China Savers Turn Back the Clock

The hot new thing for Chinese savers is … bank deposits. Shunned for years by the nation’s return-hungry masses, they are suddenly looking attractive again as higher-yielding investments prove riskier than many had anticipated. China’s household deposits rose in July at the fastest annual rate in a year — an influx that analysts say may accelerate after the nation’s stock market sank at the quickest pace worldwide, hundreds of peer-to-peer lending platforms  were shuttered and companies defaulted on their debt at an unprecedented rate.

Birthplace of Asian Crisis Now an Emerging-Market Haven

Thailand, the birthplace of the Asian financial crisis two decades ago, has emerged as a haven from this year’s emerging-market rout. The baht has outperformed every other developing-nation currency in the past month as the turmoil began to spread across emerging markets. A large current-account surplus and foreign-exchange reserves, as well as a relatively low level of overseas ownership, have cushioned Thailand.
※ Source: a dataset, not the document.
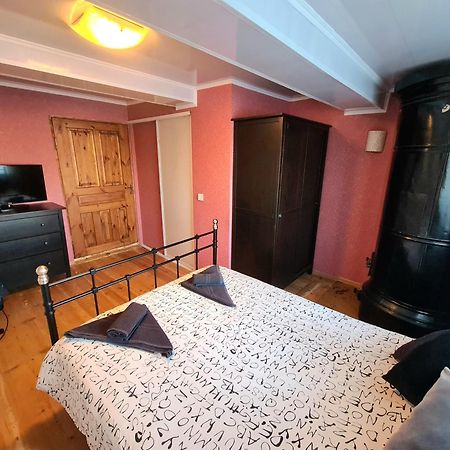 Memo'S Boutique Guesthouse Каракол Экстерьер фото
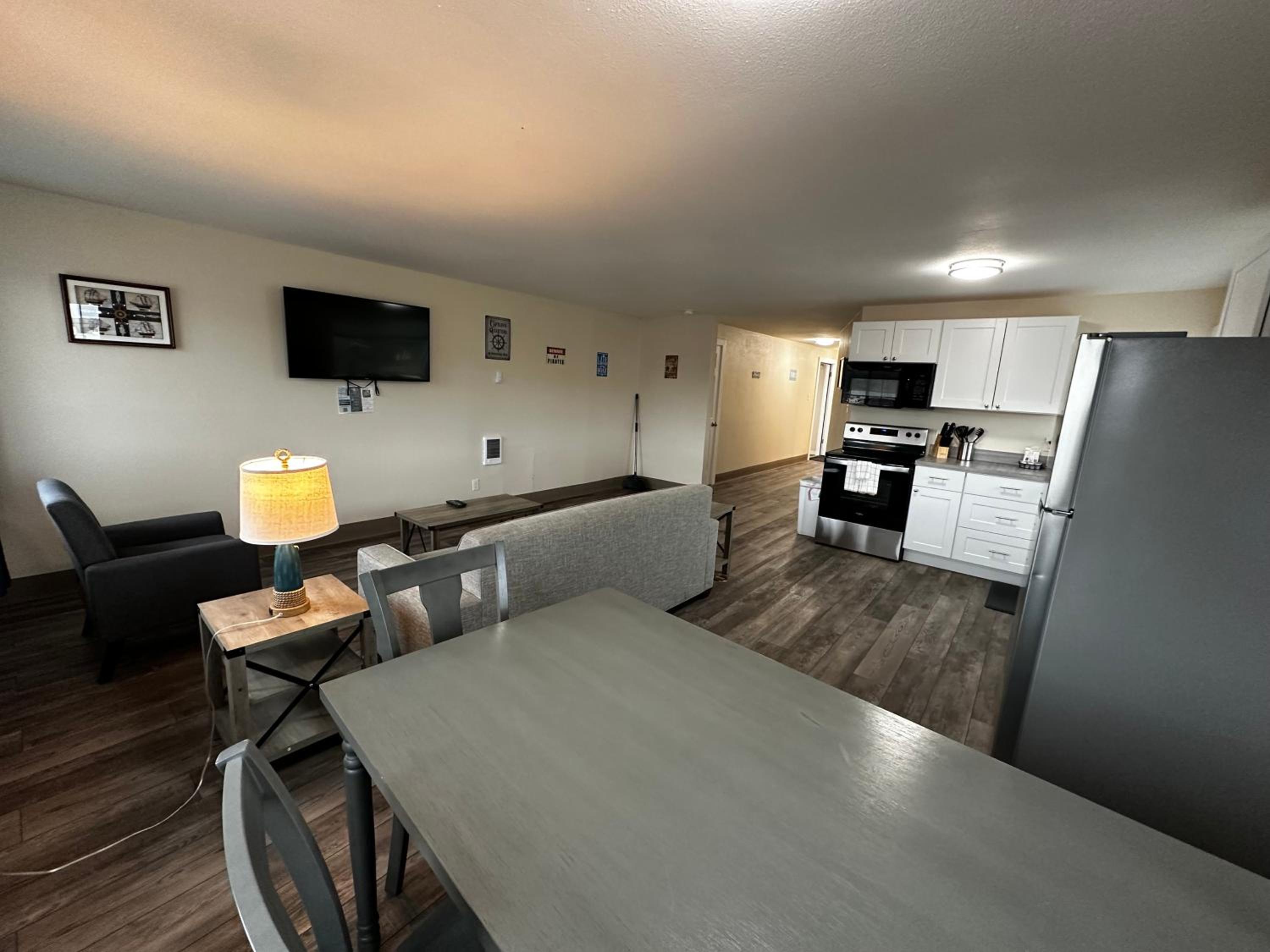 Coastal Inn and Suites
Nomura Holdings Inc. and Aberdeen Standard Investments expect the currency to remain resilient. There’s “low ownership, so little selling,” said Edwin Gutierrez, the London-based head of emerging-market sovereign debt at Aberdeen. “You would need a pretty substantial mega-crisis to trigger a selloff in the Thai baht.”

U.S.-Korea Trade Deal on Track

U.S. President Donald Trump said he has finished negotiating a new trade deal with South Korea and may sign it at the United Nations General Assembly, which convenes this month. “The deal is done,” Trump told reporters at the White House on Wednesday. “It’s been done with South Korea for a long time. It’s been done for about two months. We’ll do a ceremonial signing over the next very short period of time.” The U.S. and South Korea agreed in March to revise their 2012 free-trade agreement, known as Korus. But they still haven’t signed it into law, and South Korean lawmakers have warned that the nation’s parliament won’t pass it if the Trump administration slaps tariffs on Korean cars as part of the president’s threat to protect domestic automakers from global imports.

Path to Brexit Deal Appears to Be Clearer

The British and German governments have abandoned key Brexit demands, potentially clearing the path for the U.K. to strike a deal with the European Union on British exit from the EU, people familiar with the matter said. Germany is ready to accept a less detailed agreement on the U.K.’s future economic and trade ties with the EU to get a divorce deal done, according to people speaking on condition of anonymity because the discussions are private. The U.K. side is also willing to settle for a vaguer statement of intent on the future relationship, postponing some decisions until after Brexit day. The shift means that widespread opposition to U.K. Prime Minister Theresa May’s proposals, known as her Chequers plan, isn’t necessarily a barrier to getting a deal.